Slice informed users of the change in an email sent on Tuesday. Entrackr reviewed a copy of the email.
A Slice spokesperson declined to comment.
The company is calling the new credit disbursal mechanism “Purchase Power,” and did not mention RBI actions leading to this change in its email. “Every time you transact with your slice card, a new approval decision will be made instantly to assess the best amount you can borrow for the purchase. The decision will be determined primarily based on merchant credibility, risk, fraud checks, and your past payments as well as repayment patterns,” Slice told customers.
“Purchase Power is an estimate of the amount you may qualify to borrow from Slice and may change at the time of the purchase, while a credit limit is a maximum amount a lender has already decided you can borrow,” the company explained in its email.
This essentially means that flexible borrower-friendly repayment terms may be replaced by a service that is identical to a regular credit card, minus the fixed credit limit. Instead of offering a credit line, Slice will now analyze borrowers’ creditworthiness during every single transaction, although that might be a line to stay clear of RBI rules again. At the end of the day, the effort is to ensure that the end customer does not go through or experience any significant change in the experience at her end, despite the significant change in the nature and princess of credit disbursal now.
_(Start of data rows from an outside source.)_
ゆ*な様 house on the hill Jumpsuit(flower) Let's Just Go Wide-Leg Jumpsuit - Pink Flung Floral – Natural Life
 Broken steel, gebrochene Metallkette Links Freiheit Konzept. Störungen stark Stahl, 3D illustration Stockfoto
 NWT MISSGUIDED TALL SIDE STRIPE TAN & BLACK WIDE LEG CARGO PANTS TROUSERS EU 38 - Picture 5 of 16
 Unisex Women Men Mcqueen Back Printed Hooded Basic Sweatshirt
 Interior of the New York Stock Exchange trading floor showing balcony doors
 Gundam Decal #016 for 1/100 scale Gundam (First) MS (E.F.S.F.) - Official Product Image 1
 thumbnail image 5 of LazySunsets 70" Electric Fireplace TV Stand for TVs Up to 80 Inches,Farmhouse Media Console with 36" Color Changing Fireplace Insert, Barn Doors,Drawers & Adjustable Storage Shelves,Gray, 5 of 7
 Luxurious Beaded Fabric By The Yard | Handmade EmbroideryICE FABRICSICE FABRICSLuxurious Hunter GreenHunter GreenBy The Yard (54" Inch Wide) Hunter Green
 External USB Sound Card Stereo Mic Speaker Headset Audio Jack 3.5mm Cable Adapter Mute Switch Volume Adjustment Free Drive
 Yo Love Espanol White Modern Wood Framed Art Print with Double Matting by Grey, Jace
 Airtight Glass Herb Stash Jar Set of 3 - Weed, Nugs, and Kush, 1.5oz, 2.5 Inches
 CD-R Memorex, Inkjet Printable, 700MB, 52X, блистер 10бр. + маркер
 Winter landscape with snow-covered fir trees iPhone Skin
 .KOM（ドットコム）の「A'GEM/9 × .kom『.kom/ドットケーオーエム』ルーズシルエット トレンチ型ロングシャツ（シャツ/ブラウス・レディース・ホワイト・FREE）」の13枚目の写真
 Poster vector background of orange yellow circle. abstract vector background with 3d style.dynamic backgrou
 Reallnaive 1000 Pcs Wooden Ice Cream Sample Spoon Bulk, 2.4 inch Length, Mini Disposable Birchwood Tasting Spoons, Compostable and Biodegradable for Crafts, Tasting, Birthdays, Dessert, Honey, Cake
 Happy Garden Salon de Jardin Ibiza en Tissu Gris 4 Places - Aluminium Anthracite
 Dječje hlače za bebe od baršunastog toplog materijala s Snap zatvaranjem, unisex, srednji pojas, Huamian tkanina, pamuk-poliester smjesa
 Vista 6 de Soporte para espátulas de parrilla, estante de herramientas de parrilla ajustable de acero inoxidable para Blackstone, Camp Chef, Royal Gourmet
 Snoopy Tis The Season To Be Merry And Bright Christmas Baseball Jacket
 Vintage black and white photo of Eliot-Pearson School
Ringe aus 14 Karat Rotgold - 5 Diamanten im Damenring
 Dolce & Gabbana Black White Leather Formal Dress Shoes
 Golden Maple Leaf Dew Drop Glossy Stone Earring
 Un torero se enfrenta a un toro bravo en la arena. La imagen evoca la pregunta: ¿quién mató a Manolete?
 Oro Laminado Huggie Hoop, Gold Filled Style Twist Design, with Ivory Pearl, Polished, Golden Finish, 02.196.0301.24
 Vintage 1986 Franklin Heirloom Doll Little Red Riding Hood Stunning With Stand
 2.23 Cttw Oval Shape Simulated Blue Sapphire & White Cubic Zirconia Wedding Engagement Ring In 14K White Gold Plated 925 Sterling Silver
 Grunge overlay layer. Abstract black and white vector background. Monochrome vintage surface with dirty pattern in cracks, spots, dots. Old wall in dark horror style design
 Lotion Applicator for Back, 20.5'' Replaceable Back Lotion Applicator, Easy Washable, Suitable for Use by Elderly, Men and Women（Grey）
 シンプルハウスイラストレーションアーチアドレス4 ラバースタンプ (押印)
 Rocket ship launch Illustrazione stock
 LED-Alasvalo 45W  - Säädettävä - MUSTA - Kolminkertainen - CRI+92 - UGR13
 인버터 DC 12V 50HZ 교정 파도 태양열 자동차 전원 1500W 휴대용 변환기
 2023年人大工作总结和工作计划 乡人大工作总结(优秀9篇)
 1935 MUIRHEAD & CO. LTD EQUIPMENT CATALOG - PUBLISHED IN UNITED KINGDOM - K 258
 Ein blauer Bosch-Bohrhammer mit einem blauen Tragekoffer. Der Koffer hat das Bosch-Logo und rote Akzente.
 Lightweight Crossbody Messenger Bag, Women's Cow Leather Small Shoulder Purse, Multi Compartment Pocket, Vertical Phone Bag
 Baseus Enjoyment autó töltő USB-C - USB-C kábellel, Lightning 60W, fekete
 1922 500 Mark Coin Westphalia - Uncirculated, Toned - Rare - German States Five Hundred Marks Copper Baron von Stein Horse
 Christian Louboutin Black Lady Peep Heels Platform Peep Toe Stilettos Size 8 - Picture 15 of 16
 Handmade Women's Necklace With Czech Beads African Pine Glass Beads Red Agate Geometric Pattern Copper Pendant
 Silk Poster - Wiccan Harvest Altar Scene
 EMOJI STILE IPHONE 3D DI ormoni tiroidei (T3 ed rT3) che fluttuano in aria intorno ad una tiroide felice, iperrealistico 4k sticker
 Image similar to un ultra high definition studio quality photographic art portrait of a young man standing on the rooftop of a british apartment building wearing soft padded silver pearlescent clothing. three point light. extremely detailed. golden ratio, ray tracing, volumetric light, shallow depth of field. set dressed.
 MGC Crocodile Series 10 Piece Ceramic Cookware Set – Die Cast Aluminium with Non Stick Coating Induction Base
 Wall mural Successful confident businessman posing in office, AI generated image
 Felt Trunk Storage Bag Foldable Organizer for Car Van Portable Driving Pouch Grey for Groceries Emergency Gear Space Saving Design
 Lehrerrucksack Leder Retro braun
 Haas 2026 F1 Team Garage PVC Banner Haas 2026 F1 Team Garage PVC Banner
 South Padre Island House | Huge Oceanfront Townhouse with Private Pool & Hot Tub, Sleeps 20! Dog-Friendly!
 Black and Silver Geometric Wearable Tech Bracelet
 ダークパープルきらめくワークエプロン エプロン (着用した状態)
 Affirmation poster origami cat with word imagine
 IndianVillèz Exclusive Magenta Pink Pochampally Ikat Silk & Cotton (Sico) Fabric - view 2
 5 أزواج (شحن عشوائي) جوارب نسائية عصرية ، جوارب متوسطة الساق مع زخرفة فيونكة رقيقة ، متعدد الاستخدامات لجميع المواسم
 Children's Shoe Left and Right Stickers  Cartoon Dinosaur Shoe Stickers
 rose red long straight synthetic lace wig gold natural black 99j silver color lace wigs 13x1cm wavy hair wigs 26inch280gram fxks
The Reserve Bank of India had clarified in June that prepaid instrument (wallet) providers such as Slice are not allowed to offer credit lines. Slice and other fintechs like it had based their entire USP around such a product, and are now having to pivot to more traditional methods of lending.
“Any non-compliance in this regard may attract penal action under provisions contained in the Payment and Settlement Systems Act, 2007,” the circular warned.
Correction and update (21 July): An earlier version of this article stated that the RBI had clarified that non-bank wallets were not allowed to offer a credit line. This restriction applies to all wallets. Additionally, Slice's refusal to comment on this development has been added to this story.